Students at universities also have entrepreneurship clubs and host events like business plan competitions. The competitions are a total waste – I can't name one real company which has ever been a winner at one of these. (Everyone cites Akamai, but they actually lost the MIT contest.) But students, particularly PhD researchers, are usually in the know about what's happening at campus. For example, I met Eli Chait soon after I came to UC-Berkeley and he has been introducing me to faculty and other student groups who are wired into the universities research system. Eli is a senior at the school,  works part time at Alsop Louie Partners and heads the entrepreneurship group Startup @ Berkeley (startup.berkeley.edu).

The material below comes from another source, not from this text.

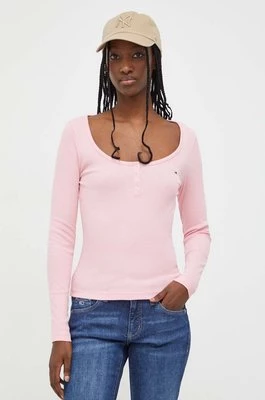 Tommy Jeans longsleeve damski kolor różowy DW0DW17390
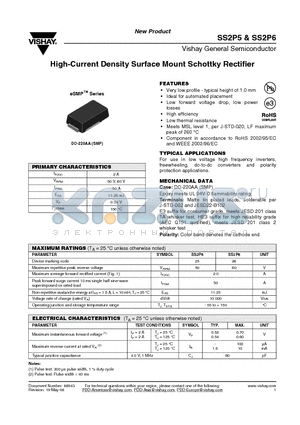 SS2P5-E3/85A datasheet - High-Current Density Surface Mount Schottky Rectifier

When you do strike gold, then the hard part starts. Negotiating a deal with the tech transfer offices can be painful. They will ask for the world, but be aware that almost everything is negotiable. They will ask for milestone payments, royalties, upfront, patent costs. All of these are negotiable except patent costs (typically $10-50K – earlier, the lower) because this goes into a different bucket and funds further patents. Ownership demands will usually range from 0-5%, and they'll hit you for around 2.5%-5% royalties. Late stage marketable technologies will draw 10% demand while early stage breakthroughs will only garner perhaps 1%.

If you do find worthwhile inventions, discuss licensing directly with the faculty. Faculty are open to discussion. Don’t encourage them to go around their tech transfer offices — this can create immense amounts of litigation and deferred liability risk. Be honest and open with them and they will generally be honest and open with you in return. They may be protective of their IP but that is natural. They understand the potential value of their work better than anyone else. Protect their interests and guide them through the system (the tech transfer office, term sheets, valuation, options, vesting, etc.).

Become the person who navigates this and they’ll do the world for you. But whether you succeed or fail in your mission, you'll come out a lot smarter. If everything goes really well, you might change the world. So what do you say – do you want to launch another dumb iPhone app or shoot the moon? I thought so.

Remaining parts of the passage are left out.